3 comments

  • vienneraphael 9 hours ago

    For non-urgent workflows I mostly use Batch APIs. As you said, the bare batch APIs are a pain to use.

    On top of that, I would add that most async-to-batch libraries force users to learn a new framework or refactor their existing code, which is a huge friction in itself.

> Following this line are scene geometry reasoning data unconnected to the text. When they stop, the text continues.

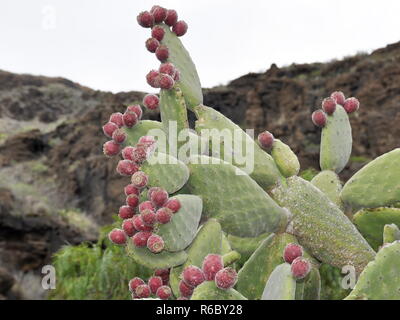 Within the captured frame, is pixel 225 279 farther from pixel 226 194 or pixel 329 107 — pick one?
pixel 329 107

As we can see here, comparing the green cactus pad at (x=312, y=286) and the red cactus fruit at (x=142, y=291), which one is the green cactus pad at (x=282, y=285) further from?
the green cactus pad at (x=312, y=286)

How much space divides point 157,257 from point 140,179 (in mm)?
275

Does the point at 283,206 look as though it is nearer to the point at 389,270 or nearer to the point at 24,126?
the point at 389,270

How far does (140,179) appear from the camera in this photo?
1.60 meters

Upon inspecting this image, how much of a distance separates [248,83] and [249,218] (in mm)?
20218

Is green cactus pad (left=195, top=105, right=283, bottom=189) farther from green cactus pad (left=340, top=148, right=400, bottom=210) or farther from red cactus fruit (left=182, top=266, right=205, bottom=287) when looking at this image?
red cactus fruit (left=182, top=266, right=205, bottom=287)

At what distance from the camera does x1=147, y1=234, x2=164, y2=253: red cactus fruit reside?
1.55 m

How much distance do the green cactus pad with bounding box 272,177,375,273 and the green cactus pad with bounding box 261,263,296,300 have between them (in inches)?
25.2

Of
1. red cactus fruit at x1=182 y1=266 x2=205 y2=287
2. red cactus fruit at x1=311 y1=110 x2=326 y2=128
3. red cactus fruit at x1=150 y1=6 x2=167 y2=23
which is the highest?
red cactus fruit at x1=150 y1=6 x2=167 y2=23

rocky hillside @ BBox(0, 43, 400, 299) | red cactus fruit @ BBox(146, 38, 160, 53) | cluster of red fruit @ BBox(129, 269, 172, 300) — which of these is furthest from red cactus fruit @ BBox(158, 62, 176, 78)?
rocky hillside @ BBox(0, 43, 400, 299)

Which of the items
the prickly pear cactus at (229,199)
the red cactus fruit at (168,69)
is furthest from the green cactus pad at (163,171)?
the red cactus fruit at (168,69)

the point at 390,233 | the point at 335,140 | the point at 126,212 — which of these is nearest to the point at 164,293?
the point at 126,212

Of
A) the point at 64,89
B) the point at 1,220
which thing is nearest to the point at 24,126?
the point at 64,89

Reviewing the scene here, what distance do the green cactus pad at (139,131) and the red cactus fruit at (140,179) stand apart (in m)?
0.31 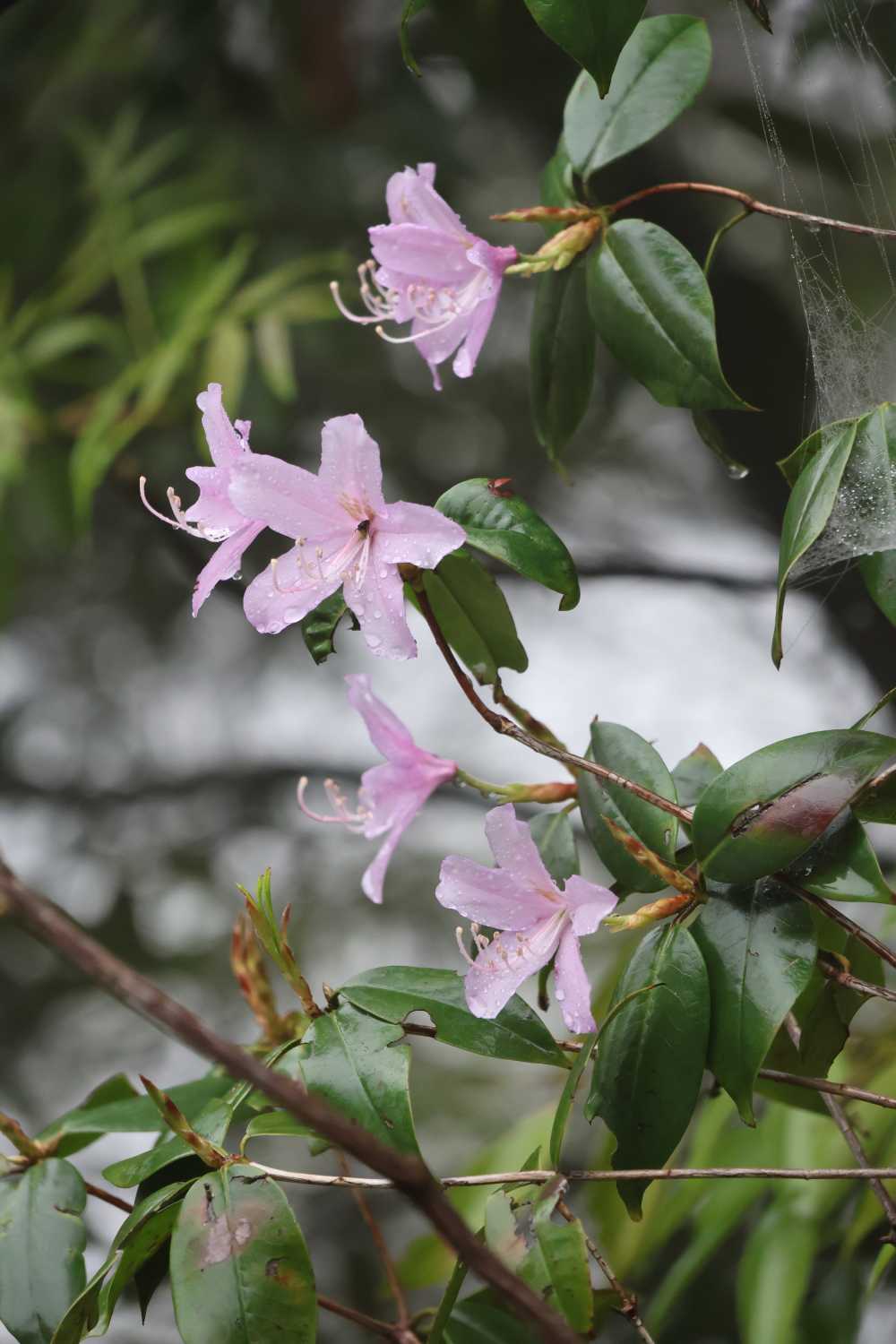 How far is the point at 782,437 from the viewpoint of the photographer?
2.42ft

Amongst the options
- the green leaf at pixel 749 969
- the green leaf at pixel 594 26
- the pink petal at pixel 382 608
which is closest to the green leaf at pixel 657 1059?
the green leaf at pixel 749 969

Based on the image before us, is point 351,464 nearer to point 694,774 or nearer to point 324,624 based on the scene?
point 324,624

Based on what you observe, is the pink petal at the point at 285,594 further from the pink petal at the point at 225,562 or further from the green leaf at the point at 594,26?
the green leaf at the point at 594,26

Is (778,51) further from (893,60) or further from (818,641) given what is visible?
(818,641)

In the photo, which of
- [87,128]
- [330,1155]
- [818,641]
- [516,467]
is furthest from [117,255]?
[330,1155]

    I've been in those trenches as a developer and I decided to create a literal 2-liner python lib that gets you from async to batch: https://github.com/vienneraphael/batchling

    You don't need to change your code and it supports most providers (Anthropic, Gemini, Groq, Mistral, OpenAI, Together, Vertex, XAI, Doubleword) and all imagineable python frameworks (Langchain, PydanticAI, Instructor, DSPy, LiteLLM, Pydantic Evals, ..)

  • alexliu79 10 hours ago

    We’ve been exploring one specific cost issue in AI products: a lot of async-friendly LLM workloads still run synchronously, which seems to create unnecessary token spend.

    I’m curious how people here are handling this in practice for evals, extraction pipelines, classification jobs, or other multi-step workflows.

    Are you using batch APIs already? Building internal tooling? Or just accepting the extra cost because batch workflows are too painful to adopt?

    We’ve been building an open-source library called ParaLLeM to make it easier to move agent workflows from sync to batch without rewriting everything, and I’d love to understand how others are approaching this problem.